The query-demographic predictor can additionally predict a confidence level for each demographic attribute that it predicts. A confidence level is a representation of how sure the query-demographic predictor is that the predicted demographic attribute is true. The confidence level can be represented by a confidence identifier. The confidence identifier is any identifier that can identify the level of confidence the predictor has that the demographic attribute is true. The confidence identifier can be any numerical or a textual description within an ascending/descending range of confidence.

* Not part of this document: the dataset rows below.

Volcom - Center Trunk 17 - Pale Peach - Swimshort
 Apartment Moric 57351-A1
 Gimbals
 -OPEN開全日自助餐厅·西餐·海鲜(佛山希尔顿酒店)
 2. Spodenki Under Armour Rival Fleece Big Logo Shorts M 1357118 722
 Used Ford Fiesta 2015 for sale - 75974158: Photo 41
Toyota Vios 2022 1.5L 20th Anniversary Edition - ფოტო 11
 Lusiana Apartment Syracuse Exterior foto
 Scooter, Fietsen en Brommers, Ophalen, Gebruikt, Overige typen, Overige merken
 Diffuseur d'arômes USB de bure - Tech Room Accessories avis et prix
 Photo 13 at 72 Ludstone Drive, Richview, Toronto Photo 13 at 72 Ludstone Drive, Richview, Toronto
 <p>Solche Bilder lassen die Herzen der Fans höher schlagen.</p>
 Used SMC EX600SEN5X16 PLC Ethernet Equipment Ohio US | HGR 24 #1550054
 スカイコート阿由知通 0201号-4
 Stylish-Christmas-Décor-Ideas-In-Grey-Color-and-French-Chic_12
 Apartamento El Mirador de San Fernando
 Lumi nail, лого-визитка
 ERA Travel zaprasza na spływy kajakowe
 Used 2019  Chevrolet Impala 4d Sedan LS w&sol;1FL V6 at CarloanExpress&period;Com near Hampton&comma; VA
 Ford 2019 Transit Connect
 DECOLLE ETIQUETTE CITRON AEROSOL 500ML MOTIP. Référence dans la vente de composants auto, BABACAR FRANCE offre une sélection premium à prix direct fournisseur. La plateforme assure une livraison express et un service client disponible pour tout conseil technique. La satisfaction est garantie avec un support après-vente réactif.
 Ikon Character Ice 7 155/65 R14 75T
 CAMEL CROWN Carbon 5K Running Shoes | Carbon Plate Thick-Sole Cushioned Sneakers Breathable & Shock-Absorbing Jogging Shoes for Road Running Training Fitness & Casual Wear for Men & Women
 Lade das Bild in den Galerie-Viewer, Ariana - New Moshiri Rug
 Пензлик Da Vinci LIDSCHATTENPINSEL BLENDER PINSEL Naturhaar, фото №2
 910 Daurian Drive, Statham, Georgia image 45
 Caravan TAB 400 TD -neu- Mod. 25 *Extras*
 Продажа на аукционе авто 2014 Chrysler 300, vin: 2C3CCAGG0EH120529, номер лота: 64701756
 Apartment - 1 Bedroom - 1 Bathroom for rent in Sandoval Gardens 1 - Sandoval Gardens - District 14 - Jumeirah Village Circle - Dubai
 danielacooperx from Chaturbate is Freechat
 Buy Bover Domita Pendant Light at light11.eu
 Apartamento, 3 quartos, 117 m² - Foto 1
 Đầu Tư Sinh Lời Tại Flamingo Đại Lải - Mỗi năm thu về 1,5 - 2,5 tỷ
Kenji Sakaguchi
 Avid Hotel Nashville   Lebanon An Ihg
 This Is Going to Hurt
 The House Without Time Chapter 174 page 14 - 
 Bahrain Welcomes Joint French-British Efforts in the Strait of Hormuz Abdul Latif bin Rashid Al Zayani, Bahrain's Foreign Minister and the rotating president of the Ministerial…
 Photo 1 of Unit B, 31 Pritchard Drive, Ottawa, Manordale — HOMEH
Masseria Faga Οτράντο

For example, the confidence identifier can be a percentage of confidence from 0%-100%. In another example, the confidence identifier can be textual descriptions such as “not confident,” “somewhat confident,” “confident,” and “very confident.” The query-demographic predictor can have any type of algorithm for determining the confidence level of a predicted demographic attribute. For example, in determining the gender of a user who inputs a particular search query, the query-demographic predictor can identify the number of male users within the classifier who inputted a search query that resembles the particular search query and divide by the total number of users who entered the same query. The result would be a percentage that would identify the confidence level that the user was a male. However, as mentioned previously, the query-demographic predictor can be configured to incorporate any other type of algorithm for determining a confidence level.

FIG. 5 illustrates an embodiment of a method for creating a page-demographic classifier. The page-demographic classifier is created by using information that is already known from the search log and user profile database in order to predict the demographic attributes of a non-registered user. At operation 502, the page-demographic predictor can retrieve training pages from the search log 216. In an embodiment, the training pages are frequent web pages browsed by users. At operation 504, features are extracted from the training pages. The page-demographic predictor can retrieve from the search log the user IDs of the users who browsed the corresponding training pages and can then retrieve the user demographic attributes from the user profile database that are related to the user IDs. At operation 506, the extracted features and the corresponding user demographic attributes are stored together in the page-demographic classifier.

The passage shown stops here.